Trotse mensen krijgen al snel het verwijt dat ze ijdel zijn. Filosoof Frans Jacobs neemt het voor ze op: ‘Trots is een motivatie om je talenten verder te ontwikkelen.’
Dit artikel is exclusief voor abonnees
‘Sporters accepteren toch ook hun prijs? Waarom zouden we niet wat meer trots kweken op andere prestaties?’ Trots vatten we snel op als arrogantie of zelfs als hoogmoed, vertelt Frans Jacobs. En bescheidenheid is in onze samenleving een deugd. Jacobs, filosoof aan de Universiteit van Amsterdam, keert zich tegen die manier van denken: ‘Trots is belangrijk: het is een motivatie om opnieuw aan de slag te gaan en je talenten verder te ontwikkelen.’

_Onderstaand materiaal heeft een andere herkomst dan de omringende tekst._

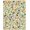 Green, Pattern 2, variant on ODIKA 8'x10' Teal Green Whimsy Woods Multicolor Washable Area Rug Enchanting Forest Scene With Playful Wildlife And Floral for Dining Room, Large Office, Lounge, Non-Slip Chair-Friendly Mat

Onze afkeer van een trotse houding heeft volgens Jacobs christelijke wortels. ‘De kerk heeft altijd een ethiek van bescheidenheid gepropageerd.’ Die veroordeling van grootsheid en ambitie heeft ons diep gevormd. ‘Tot op de dag van vandaag kunnen wij daardoor niet goed omgaan met trots.’ Die houding dragen we over aan de volgende generatie. ‘Kinderen leren dat ze zich niet moeten laten voorstaan op wat ze kunnen. Ze behoren vooral niet op te scheppen over hun prestaties op school, over de muziek die ze maken of over welke andere talenten dan ook. Alleen sportprestaties, daar mogen ze trots op zijn. Waarom kan dat op andere terreinen niet?’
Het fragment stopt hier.